**YOUR OBJECTIVE**
The lines from the one containing "Volkswagen Tiguan, 2026" through the final line of the data below must be written out exactly, both included, and nothing more.

[INFORMATION PROVIDED Boundary: Start]

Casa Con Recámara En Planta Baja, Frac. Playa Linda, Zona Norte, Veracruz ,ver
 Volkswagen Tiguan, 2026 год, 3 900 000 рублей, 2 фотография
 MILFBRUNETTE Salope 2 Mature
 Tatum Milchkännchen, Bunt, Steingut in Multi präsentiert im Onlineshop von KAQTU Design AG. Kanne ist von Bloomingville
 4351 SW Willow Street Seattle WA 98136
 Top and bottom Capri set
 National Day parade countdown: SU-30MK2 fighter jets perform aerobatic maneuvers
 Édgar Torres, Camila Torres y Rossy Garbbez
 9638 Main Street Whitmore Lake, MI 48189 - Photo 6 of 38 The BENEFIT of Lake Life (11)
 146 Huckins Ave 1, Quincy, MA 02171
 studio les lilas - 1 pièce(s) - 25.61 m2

[INFORMATION PROVIDED Boundary: End]

**YOUR RESPONSE**
 Volkswagen Tiguan, 2026 год, 3 900 000 рублей, 2 фотография
 MILFBRUNETTE Salope 2 Mature
 Tatum Milchkännchen, Bunt, Steingut in Multi präsentiert im Onlineshop von KAQTU Design AG. Kanne ist von Bloomingville
 4351 SW Willow Street Seattle WA 98136
 Top and bottom Capri set
 National Day parade countdown: SU-30MK2 fighter jets perform aerobatic maneuvers
 Édgar Torres, Camila Torres y Rossy Garbbez
 9638 Main Street Whitmore Lake, MI 48189 - Photo 6 of 38 The BENEFIT of Lake Life (11)
 146 Huckins Ave 1, Quincy, MA 02171
 studio les lilas - 1 pièce(s) - 25.61 m2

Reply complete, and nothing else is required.